▸ Assigned task
When a line below contains the string "grey", show that line.

Records contained in a dataset
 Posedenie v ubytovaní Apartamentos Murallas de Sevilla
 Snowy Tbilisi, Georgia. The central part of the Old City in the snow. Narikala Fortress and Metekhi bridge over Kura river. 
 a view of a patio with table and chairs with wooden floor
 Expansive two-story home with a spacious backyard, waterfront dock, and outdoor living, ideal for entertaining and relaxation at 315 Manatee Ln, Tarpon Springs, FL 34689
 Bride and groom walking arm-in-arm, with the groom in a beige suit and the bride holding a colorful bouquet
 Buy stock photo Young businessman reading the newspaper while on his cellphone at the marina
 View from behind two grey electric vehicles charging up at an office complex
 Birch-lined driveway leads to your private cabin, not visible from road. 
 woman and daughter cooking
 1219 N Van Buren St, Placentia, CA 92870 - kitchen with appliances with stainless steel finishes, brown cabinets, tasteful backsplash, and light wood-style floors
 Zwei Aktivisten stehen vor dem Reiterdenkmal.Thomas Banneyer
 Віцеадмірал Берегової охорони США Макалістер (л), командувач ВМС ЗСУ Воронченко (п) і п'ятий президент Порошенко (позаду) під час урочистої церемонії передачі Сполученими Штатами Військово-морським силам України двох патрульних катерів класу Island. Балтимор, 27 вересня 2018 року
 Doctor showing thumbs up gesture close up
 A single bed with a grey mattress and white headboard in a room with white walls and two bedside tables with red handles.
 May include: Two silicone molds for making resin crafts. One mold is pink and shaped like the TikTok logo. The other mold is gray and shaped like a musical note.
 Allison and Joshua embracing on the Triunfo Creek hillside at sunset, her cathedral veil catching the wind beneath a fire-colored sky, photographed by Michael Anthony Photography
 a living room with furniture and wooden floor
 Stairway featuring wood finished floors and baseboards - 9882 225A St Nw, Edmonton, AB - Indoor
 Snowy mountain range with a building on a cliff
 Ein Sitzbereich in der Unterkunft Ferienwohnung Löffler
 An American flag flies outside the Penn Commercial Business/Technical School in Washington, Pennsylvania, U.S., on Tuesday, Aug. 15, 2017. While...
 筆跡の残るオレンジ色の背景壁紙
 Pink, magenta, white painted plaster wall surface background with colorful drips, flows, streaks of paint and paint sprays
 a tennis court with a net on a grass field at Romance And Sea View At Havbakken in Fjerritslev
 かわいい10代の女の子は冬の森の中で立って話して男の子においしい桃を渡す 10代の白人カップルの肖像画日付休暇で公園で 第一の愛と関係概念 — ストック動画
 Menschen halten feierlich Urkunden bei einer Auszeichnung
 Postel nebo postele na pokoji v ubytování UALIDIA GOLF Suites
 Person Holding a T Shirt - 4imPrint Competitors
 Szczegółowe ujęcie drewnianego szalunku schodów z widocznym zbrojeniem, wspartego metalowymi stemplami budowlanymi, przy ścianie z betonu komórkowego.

▸ Result of this exercise
 View from behind two grey electric vehicles charging up at an office complex
 A single bed with a grey mattress and white headboard in a room with white walls and two bedside tables with red handles.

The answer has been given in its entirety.